Recently I took a wall plate off a 4 switch box to paint the wall. When I did this, I found that the wall plate was being held on by paint alone.

It appears that 4 light switches were installed in 2 adjacent double gang boxes. There is a stud on the left side of box 1 and a stud on the right side of box 2.

After taking the wall plate off

To get things stabilized and provide a way to attach the wall plate, I installed 2 mud rings (shown in the picture).

current switches

However, I quickly realized that the 4 device wall plate will not cover this now that they are seated properly. I tried initially to fix this by cutting a standard 2 device plate and positioning it next to a standard plate:

First attempt to cut a wall plate to size

Q1: Is it possible to replace the 2 gang boxes with a single 4 gang box? I'm hesitant to go down this path because my instincts tell me that there is a reason why someone did it like this.
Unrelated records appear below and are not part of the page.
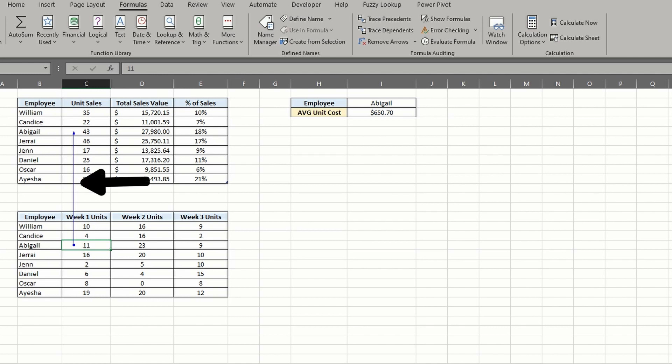Cell C5 references its precedent using the sum function.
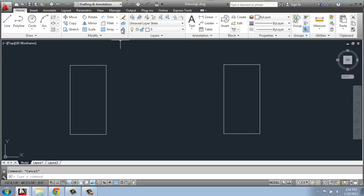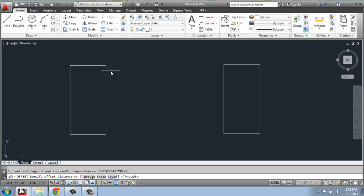I'm going to pick the offset command — that's this one right here, or O for offset. When I do that, it asks for the offset distance first. For this example, I'll do 12 inches — I'll type 12 and hit enter. Now it says select the object. Offset is a little different in that you give it the measurement first, then you select the object.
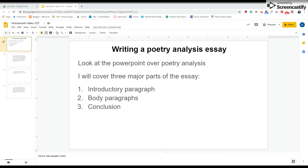Alright guys, so here's what we got — writing a poetry analysis essay. One of the things that I included in your Google Classroom post was the PowerPoint that goes over poetry analysis essay writing. I suggest that you look at that PowerPoint and make sure that you know it very well. In this video I'm going to cover the three major parts of the essay, and it goes along with the printout I gave you — a kind of model template for a poetry analysis essay.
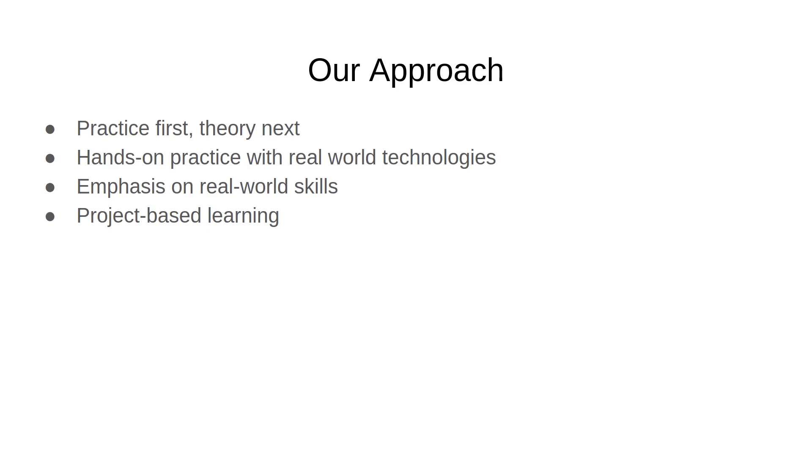The second thing that's going to be different about our approach is that we're going to rely on hands-on practice with real world technologies. A lot of times while teaching a certain technology, courses make you rely on some closed environment and make you do all the coding on that.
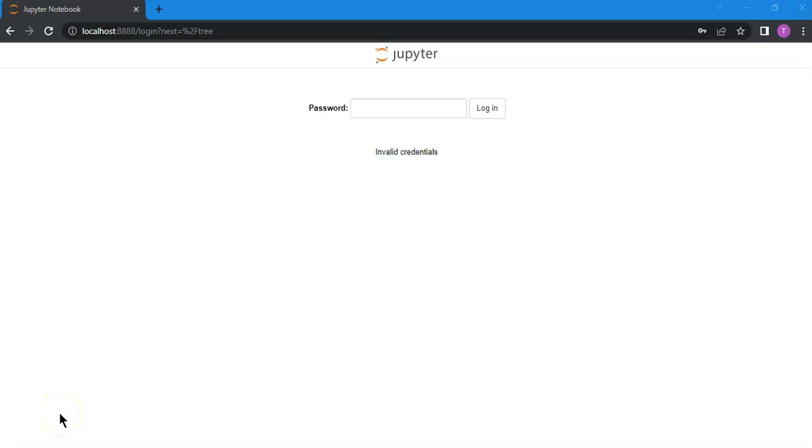Hi there, if you are facing this issue with Jupyter notebook where you do not remember your password or you want to reset the password, then in this video I'll show you how to do it.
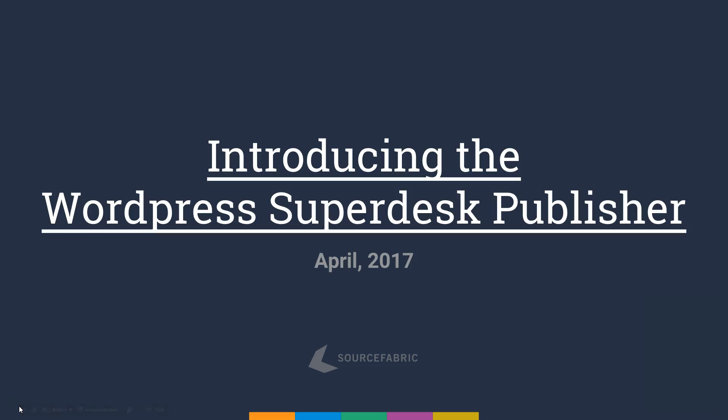Hi, I'm Douglas Arellanes, one of the founders of SourceFabric, and today I'm going to show you a plugin we've been working on recently, the WordPress Superdesk Publisher.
Q2: One other idea I had was to combine some of the switches. Three of the switches control recessed lighting in the room and we rarely turn on one without the others. So, I'm considering combining those 3 into a single switch. I read a few other similar questions but I'm not entirely sure if I can do this. Outside of verifying the switch can handle the load, what other things do I need to consider? Would it be simpler/easier to do this rather than replacing the whole thing with a 4 gang box?
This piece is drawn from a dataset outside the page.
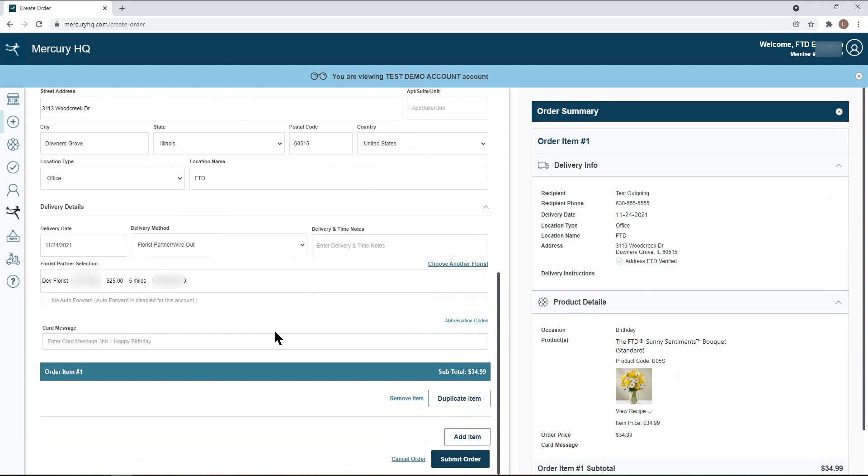Finally, you will enter the card message. You can use the abbreviations provided or fully type out the card message.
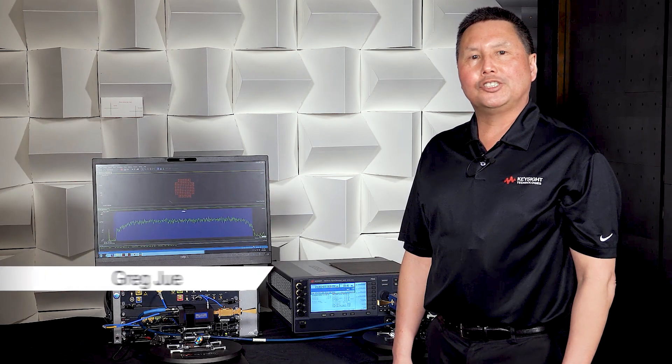Hello, my name is Greg Jew with Keysight Technologies. Today we'd like to show a new sub-terahertz R&D testbed for 6G research.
Thank you for any help you can provide!

Best Answer

You have 3 dimmer switches, so if you want to keep them (or combine all the recessed lights into one) you won't want to use any combo switches. Based on what I can see with the wiring, you could attach all the lights to one dimmer (check the wattage rating on the dimmer, but you're going to replace the recessed lights with LEDs anyway, right?). That would leave one dimmer and one regular switch and those would both fit into a single 2-gang box.
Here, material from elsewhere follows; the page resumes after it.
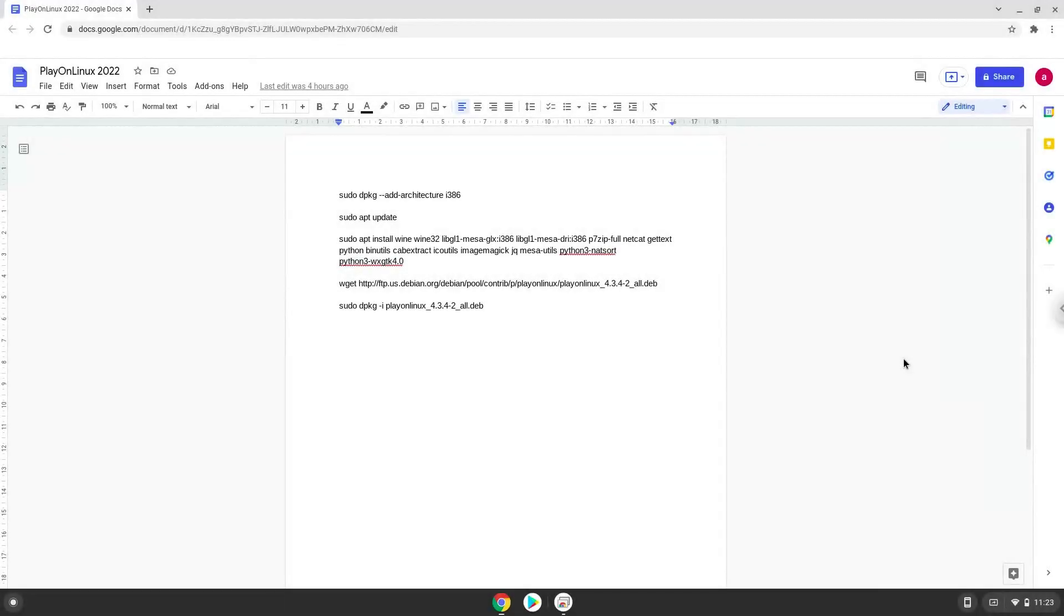Hello. Today we are looking at how to install Play on Linux on a Chromebook. Please take note that you need a Chromebook with an Intel or AMD processor.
If you want to minimize the amount of patch work you do, you can just replace the two boxes with a 4-gang, but you't going to have some repair on the edges either way. I hate having to do drywall repair, so I personally would try to make a 4-gang fit as best as I could, but that's really just preference. I can't think of a reason they used two boxes other than that's what they happened to have on hand at the time.

When you do replace the boxes, make sure the new box has the proper wire clamps on it. Right now I bet the wires are just fed into those boxes with no clamps or anything to cover the sharp edges of the knock outs. Look for damaged insulation on all the wires.